| Exercise details |
After locating the line with "OMP First Evo" in the data that follows, return it and every later line exactly, up to and including the line with "Hospitality 1 Source".

Segment Start: Exercise inputs

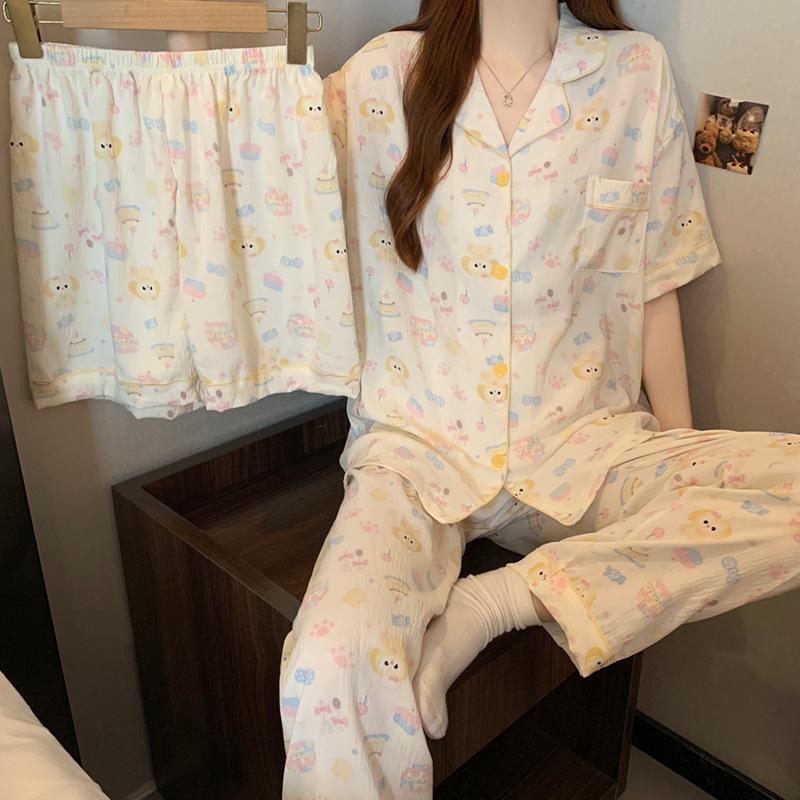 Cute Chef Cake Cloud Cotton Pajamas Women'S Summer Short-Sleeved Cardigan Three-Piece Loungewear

Segment End: Exercise inputs
Segment Start: Exercise inputs

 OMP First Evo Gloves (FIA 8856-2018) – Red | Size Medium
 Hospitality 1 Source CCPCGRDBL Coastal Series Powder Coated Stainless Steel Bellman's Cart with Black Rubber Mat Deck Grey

Segment End: Exercise inputs
Segment Start: Exercise inputs

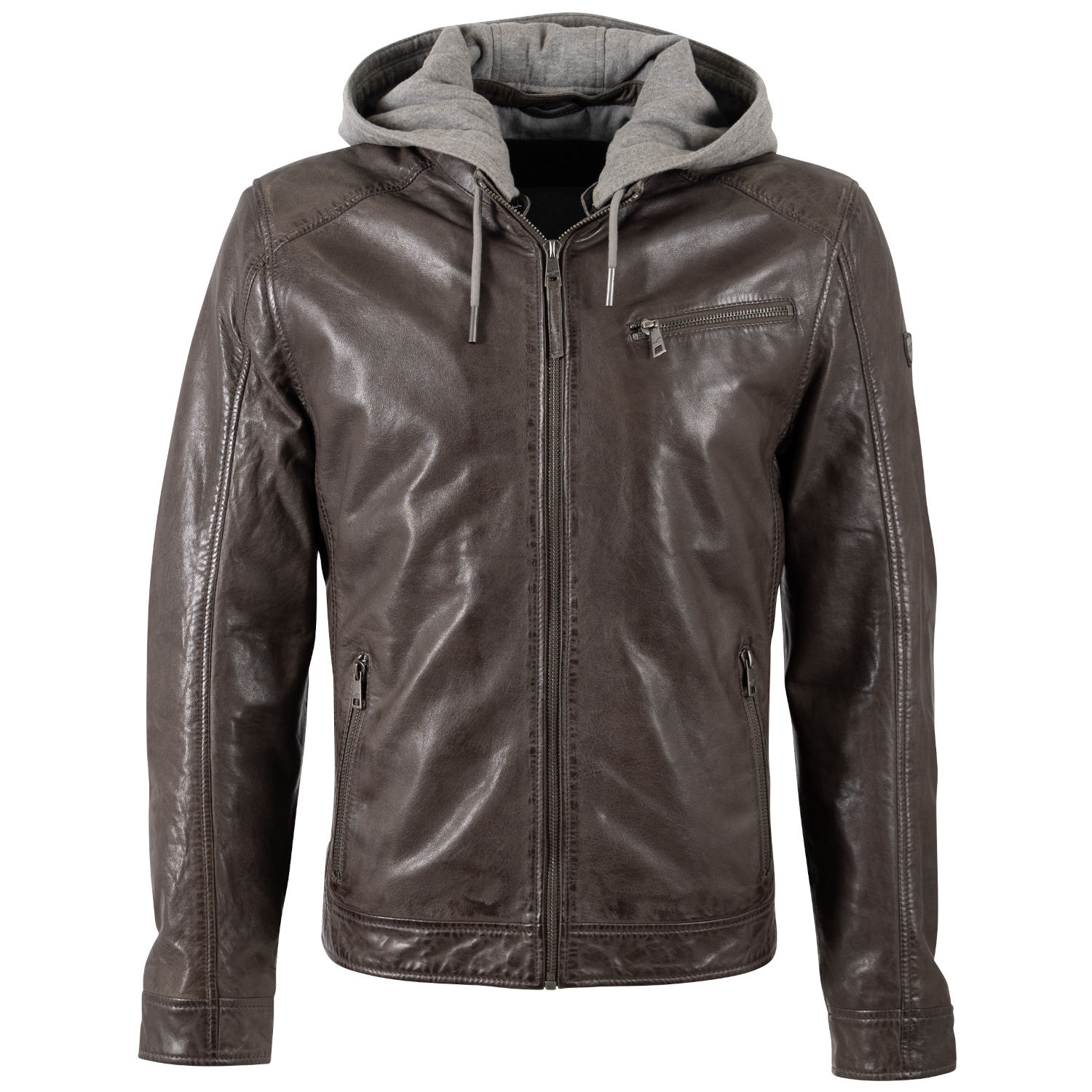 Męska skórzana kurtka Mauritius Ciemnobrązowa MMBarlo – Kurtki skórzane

Segment End: Exercise inputs

| Answer to this task |
 OMP First Evo Gloves (FIA 8856-2018) – Red | Size Medium
 Hospitality 1 Source CCPCGRDBL Coastal Series Powder Coated Stainless Steel Bellman's Cart with Black Rubber Mat Deck Grey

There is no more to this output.